Pourquoi as-tu choisi cette fois-ci le plomb ainsi qu’un support lumineux ?
Je les ai choisis pour des raisons plastiques et contextuelles. Le plomb possède des caractéristiques plastiques proches de celles du chewing-gum par sa malléabilité et sa souplesse. on le dit ductile, il s’étire sans jamais casser, comme le chewing-gum. Il suggère aussi une certaine lourdeur, alors que la sculpture dégage plutôt une sensation de légèreté, sans doute due aux espaces vides qui la structurent et à son relief, très doux. Le plomb est un métal qui réagit à l’air, s’oxydant naturellement avec le temps. Dans le contexte de la réserve géologique, il m’a semblé plus pertinent d’expérimenter un matériau que l’on trouve ici sous la forme de galène. La sculpture n’en devient que plus « vivante » et je suis curieux de la voir s’oxyder peu à peu. J’ai voulu essayer la table lumineuse afin de découper visuellement le dessin formé par les lamelles. dans l’espace très sombre où est immergé le spectateur, son regard est tout entier focalisé sur cette étrange maquette.

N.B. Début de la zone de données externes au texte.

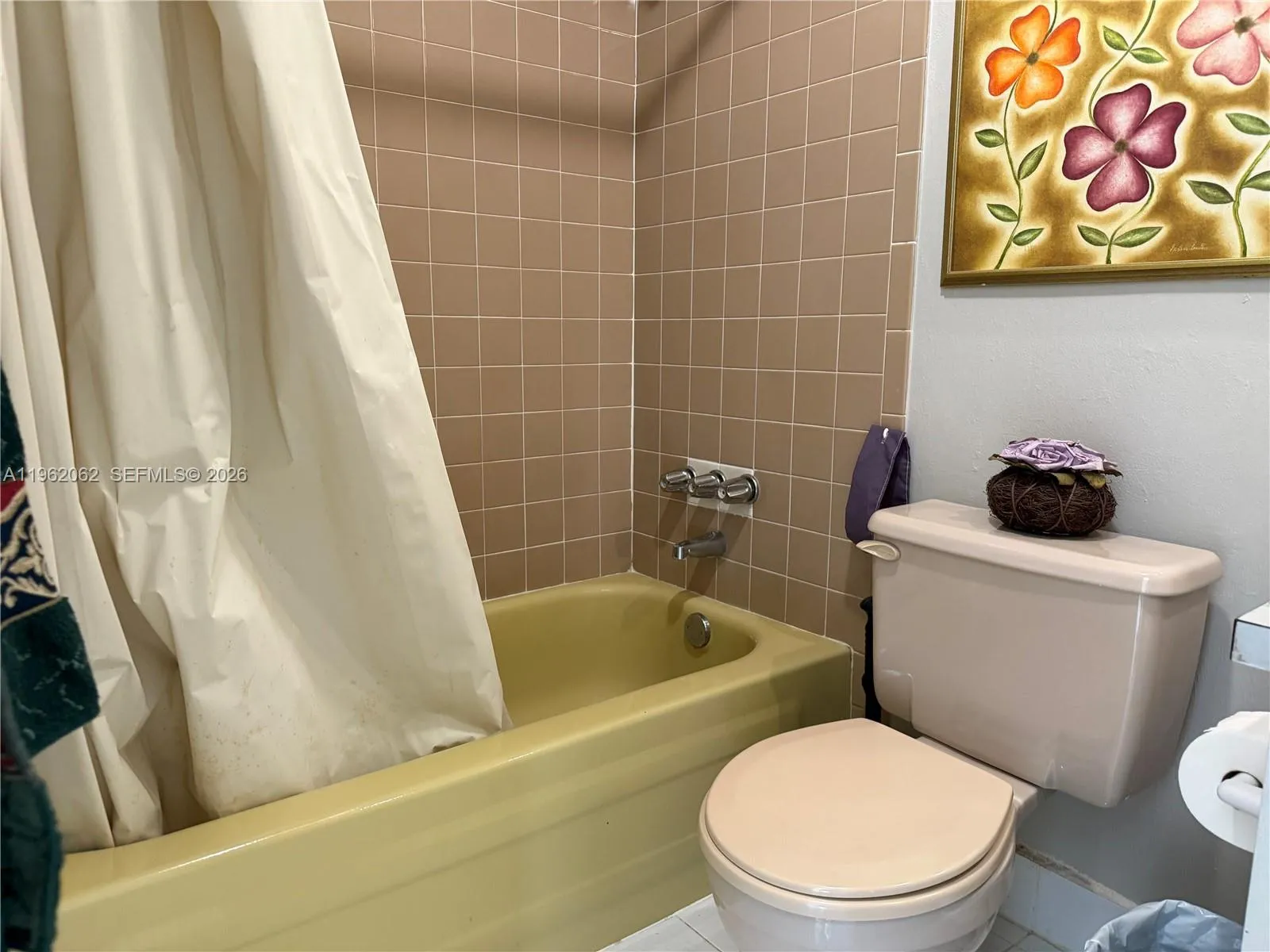 6500 Kendale Lakes Dr 114, Miami, Florida 33183, Miami, Florida 33183, 3 Bedrooms Bedrooms, ,2 BathroomsBathrooms,Residential Lease,For Rent,6500 Kendale Lakes Dr 114, Miami, Florida 33183,A11962062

Cette maquette semble se tenir entre soulèvement et affaissement, entre construction et destruction.
Voici toute la contraction qui sous-tend un grand nombre de mes travaux. Cette opposition est pour moi comme une respiration vitale.
Tu programmes d’ailleurs souvent la chute, l’effondrement. S’agit-il de mises en jeu du ratage, voire de l’échec ?
Au début, il était en effet question de ratage, d’absurdité, mais si ces notions lui sont toujours sous- jacentes, mon travail a plutôt évolué vers une étude de la ruine, une éloge de la ruine. Mon approche est aujourd’hui plus scientifique que clownesque, bien que j’assume encore mon côté « savant fou », bricoleur du dimanche.
La réussite et l’échec ne constituent pas des valeurs pour moi, tant les situations me paraissent au premier abord idiotes, et les projets démesurés, voire irréalisables. S’il y a une absurdité, c’est bien dans mon acharnement à lutter avec le matériau (le chewing-gum n’a pas été choisi par hasard…) ou avec l’idée première, dans cet entêtement à essayer d’avoir le dessus. dans la série des Reliques par exemple, on peut mesurer ce combat au long cours contre une construction en chewing-gum qui ne cesse de s’effondrer et que je restaure avec du balsa, inlassablement, jusqu’à ce que l’équilibre se crée entre les deux matériaux. s’il y a un échec, il tient au fait de m’être imaginé que la construction pourrait résister et rester dans son état originel.
Il en va de même dans Le Dernier Mot, la vidéo qui ouvre l’exposition, où je me montre dépassé par l’avalanche de dizaines de balles de ping-pong que je suis dans l’impossibilité de faire rebondir bien longtemps. Le ratage est donc contrecarré par mon entêtement, par mon obstination.
Doit-on y voir la métaphore de notre condition sociale ?
Ces situations questionnent davantage l’idée du rendement poussé à son extrême aberration, la lutte, perdue d’avance, contre notre enracinement dans le fonctionnalisme et la vaine obsession de l’efficacité, tout cela étant révélateur d’une certaine vanité contemporaine.
À l’inverse de l’idée de ratage, certains travaux réclament un temps d’élaboration considérable, exigeant une patience et une précision exemplaires. Peux-tu expliquer ce qui t’attire dans cette dialectique des contraires ?
C’est le rapport au labeur, la dialectique entre le labeur et la simplicité de la forme finale. celle- ci peut parfois sembler si évidente qu’elle en fait oublier le travail nécessaire à son élaboration. Par exemple, dans Invasione Pacifica, une vidéo que j’ai récemment tournée en Italie, j’ai intégré des effets spéciaux « faits maison ». S’ils évoquent les trucages des films de série B, ils ont nécessité plusieurs jours de travail pour quelques minutes d’images. C’est la même chose pour Exercices, chaque séquence de quelques secondes m’ayant demandé presque une heure
de performance, au sens physique du terme.
Au fond, tu réunis les figures du dilettante et celle du perfectionniste.
J’aime l’idée de geste improductif, tout en générant une certaine énergie du défi.
Entretien entre Natasha Pugnet et Jérémy Laffon, in catalogue monographique La Mélancolie du Pongiste, Editions P, 2015.